Segment Start: RECORDS FOR THIS TASK

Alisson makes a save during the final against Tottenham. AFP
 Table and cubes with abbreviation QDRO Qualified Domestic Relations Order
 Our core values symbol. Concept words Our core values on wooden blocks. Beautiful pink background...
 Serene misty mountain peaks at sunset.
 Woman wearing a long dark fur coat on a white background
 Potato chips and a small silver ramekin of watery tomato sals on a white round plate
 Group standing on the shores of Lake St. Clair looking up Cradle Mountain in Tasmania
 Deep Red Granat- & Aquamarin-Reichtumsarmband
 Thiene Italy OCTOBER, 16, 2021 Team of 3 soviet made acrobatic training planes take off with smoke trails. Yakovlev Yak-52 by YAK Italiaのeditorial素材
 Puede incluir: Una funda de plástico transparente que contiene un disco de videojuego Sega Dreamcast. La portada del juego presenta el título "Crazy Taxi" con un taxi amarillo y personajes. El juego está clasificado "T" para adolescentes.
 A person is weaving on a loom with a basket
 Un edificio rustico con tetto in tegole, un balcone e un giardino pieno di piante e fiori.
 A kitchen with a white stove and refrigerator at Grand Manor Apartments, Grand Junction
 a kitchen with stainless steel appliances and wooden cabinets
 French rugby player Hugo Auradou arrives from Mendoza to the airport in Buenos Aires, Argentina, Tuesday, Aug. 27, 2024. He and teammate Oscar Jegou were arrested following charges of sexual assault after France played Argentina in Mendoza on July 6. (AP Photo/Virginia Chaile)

Segment End: RECORDS FOR THIS TASK

**WHAT NEEDS TO BE DONE**. Whenever a line of the records holds the string "white", pick it out and copy it.

**TASK RESPONSE**.
 Woman wearing a long dark fur coat on a white background
 Potato chips and a small silver ramekin of watery tomato sals on a white round plate
 A kitchen with a white stove and refrigerator at Grand Manor Apartments, Grand Junction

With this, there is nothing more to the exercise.